**Dataset records**
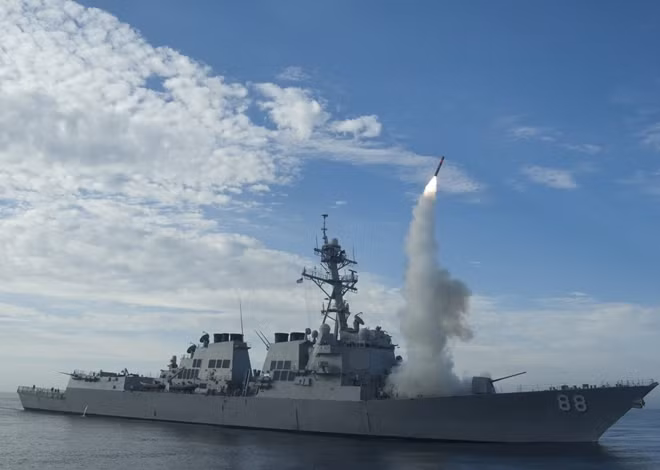 Tên lửa Tomahawk của Mỹ được phóng đi từ tàu chiến. Ảnh: ITN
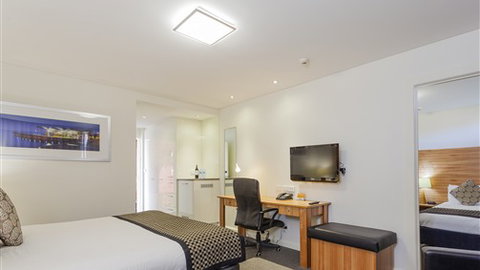 Quality Hotel Bayside Geelong - New South Wales Tourism  2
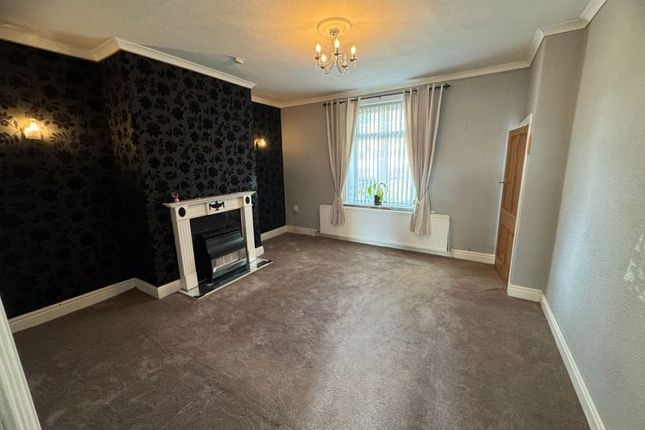 93, Blacker Road North, Huddersfield photo 2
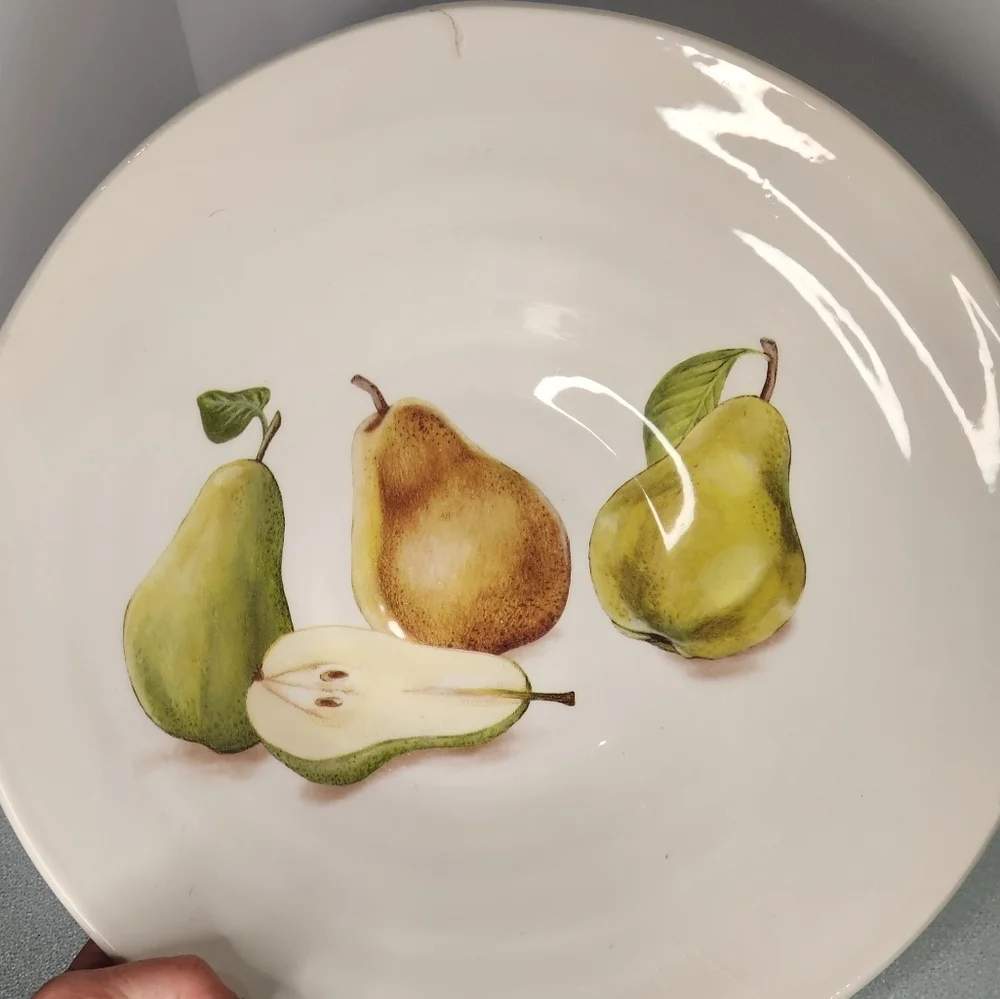 Ceramica Cuore large white pasta‎ bowl with hand painted pears
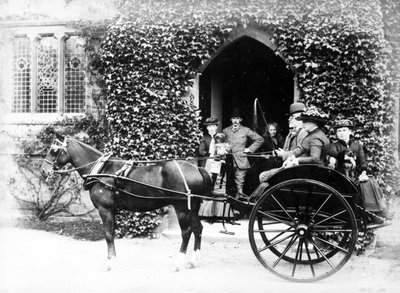 Giro in carrozza e cavallo, c.1890 da English Photographer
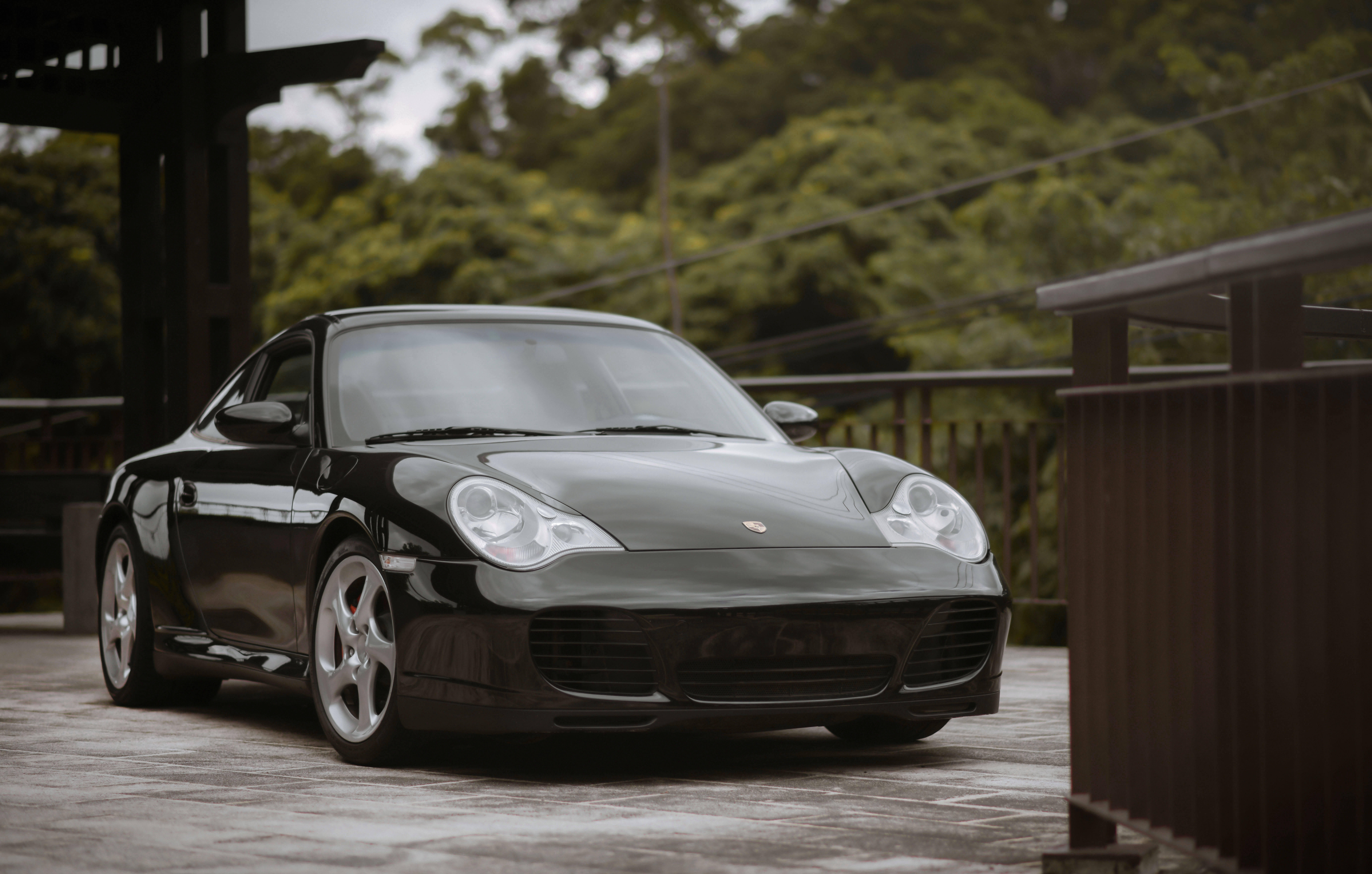 125199 скачать обои порш (porsche), тачки (cars), черный, вид спереди, машина, спорткар, porsche 911 carrera 4s - заставки и картинки бесплатно
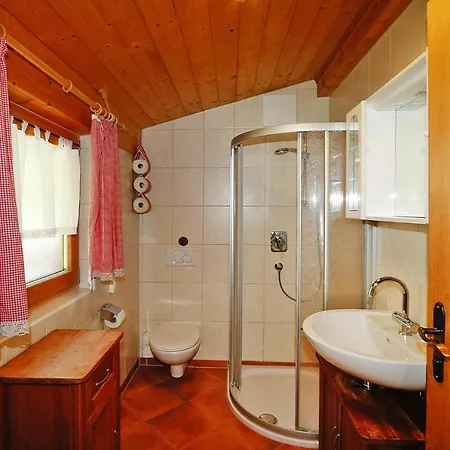 Apartmán In Hochfugen With A Garden Fuegenberg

**What is required**
Retype all entries exactly as they appear, dropping the images.

**Output for this task**
 Tên lửa Tomahawk của Mỹ được phóng đi từ tàu chiến. Ảnh: ITN
 Quality Hotel Bayside Geelong - New South Wales Tourism  2
 93, Blacker Road North, Huddersfield photo 2
 Ceramica Cuore large white pasta‎ bowl with hand painted pears
 Giro in carrozza e cavallo, c.1890 da English Photographer
 125199 скачать обои порш (porsche), тачки (cars), черный, вид спереди, машина, спорткар, porsche 911 carrera 4s - заставки и картинки бесплатно
 Apartmán In Hochfugen With A Garden Fuegenberg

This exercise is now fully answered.